Amanda Curtin Soydan, Ph.D.

Amanda Soydan

Academic Dean for Trinity College of Arts & Sciences; Director of the SPIRE Fellows Program

I was born and raised in South Africa, and with my father being a wildlife artist and musician, I fell in love with both music and the natural world. I am very much a “water sprite”, having spent most of my youth in and around Cape Town where I had the ocean and mountains in my back yard. I always loved learning and although I had my heart set on attending college, I felt a yearning to explore the world outside my small country so after high school, I worked to fund my travels around the globe for a couple years.

I was the first in my family to attend university and being 1GLI, it was not an easy path to travel! I had loved immersing myself in the language, culture and history of the countries I lived in, so I actually started out studying languages/linguistics and archaeology. Near the end of my first year in college, I had a “pivot moment” and realized that my heart lay in the natural sciences. I earned a B.S. in Zoology and Geology, along with an Honors degree in Palaeontology and a Master’s in Zoology from the University of Stellenbosch, South Africa. I was able to get a scholarship to complete my Ph.D. in Biological Sciences at Drexel University in Philadelphia and came to the US as an international graduate student. I loved my time working in the Mojave and Sonoran Deserts on threatened desert tortoises, and got to explore the extreme nature and beauty of this unique ecosystem.

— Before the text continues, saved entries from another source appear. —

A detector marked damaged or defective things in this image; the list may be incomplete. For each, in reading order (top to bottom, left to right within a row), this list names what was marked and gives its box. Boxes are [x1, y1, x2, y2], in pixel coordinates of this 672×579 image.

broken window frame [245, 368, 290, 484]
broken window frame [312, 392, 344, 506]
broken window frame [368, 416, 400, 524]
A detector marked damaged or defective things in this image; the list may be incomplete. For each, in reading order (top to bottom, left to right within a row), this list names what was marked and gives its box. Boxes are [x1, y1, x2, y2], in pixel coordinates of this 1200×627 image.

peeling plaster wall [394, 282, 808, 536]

I was interested in revisiting my paleobiology roots, so proposed a postdoctoral research project around the evolution of dwarfism in large mammals, e.g. elephantids (mammoths and elephants), which brought me to Duke to work with the amazing Dr. V. Louise Roth. My main interest was exploring and developing techniques to capture virtual images of bone microstructure, particularly from large vertebrate skeletons, without having to take living samples, destroying precious fossils or damaging endangered species skeletons. I’ve been lucky enough to teach at a few amazing institutions where my research has been centered around analyzing bone physiology through synchrotron radiation microtomography and how climate change impacts microevolution in vertebrates.

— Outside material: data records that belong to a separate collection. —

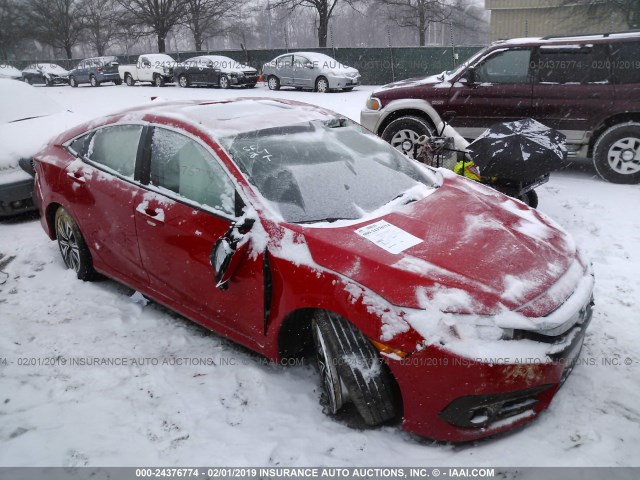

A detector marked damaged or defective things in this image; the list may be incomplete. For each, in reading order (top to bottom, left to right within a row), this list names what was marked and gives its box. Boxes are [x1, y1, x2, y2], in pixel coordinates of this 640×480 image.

exposed wheel well [378, 109, 438, 137]
exposed wheel well [588, 111, 640, 157]
damaged red car [32, 98, 592, 442] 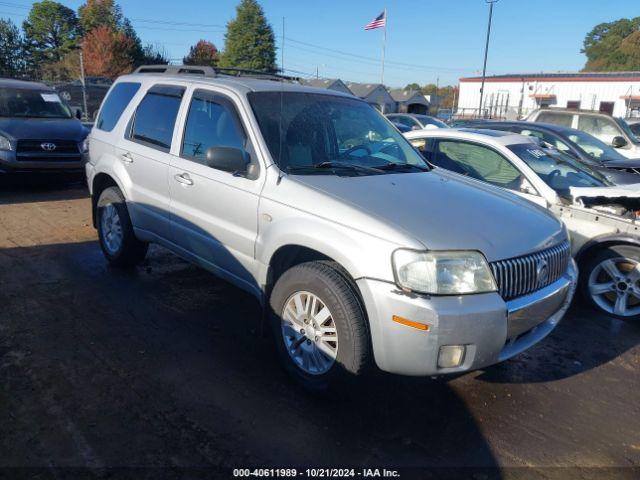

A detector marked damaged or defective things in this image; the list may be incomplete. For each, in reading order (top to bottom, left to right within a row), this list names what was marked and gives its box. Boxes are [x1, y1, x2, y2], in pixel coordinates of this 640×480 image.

shattered windshield [246, 91, 430, 175]
shattered windshield [508, 143, 612, 194]
white damaged car [404, 129, 640, 320]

Through my own experiences as a student and exploring the scholarship of teaching and learning as an instructor, I developed an interest in higher education, particularly the fields of student development and learning sciences. This lead me to the Academic Resource Center (ARC) at Duke, where I worked as a STEM Learning Specialist, helped create the SAGE program and led the ARC learning consultant team. I was also a Researcher in the Office of Undergraduate Education (OUE) Research unit since 2020. I moved into my new role as an Academic Dean and Director of Spire in March, 2022. Working with and supporting students as they navigate their own academic journeys and find their intellectual passion, is a source of real joy and a driving force for me!

In my free time I enjoy traveling with my husband Ben, going on long hikes with our dog Bodie and love the nature, music and foodie vibe in Durham! Some fun facts about me, I have lived on 5 of the six continents, I know 4 languages and can hold a conversation in a couple more, I play the drums (and my husband does too) and love working on creative and artistic projects!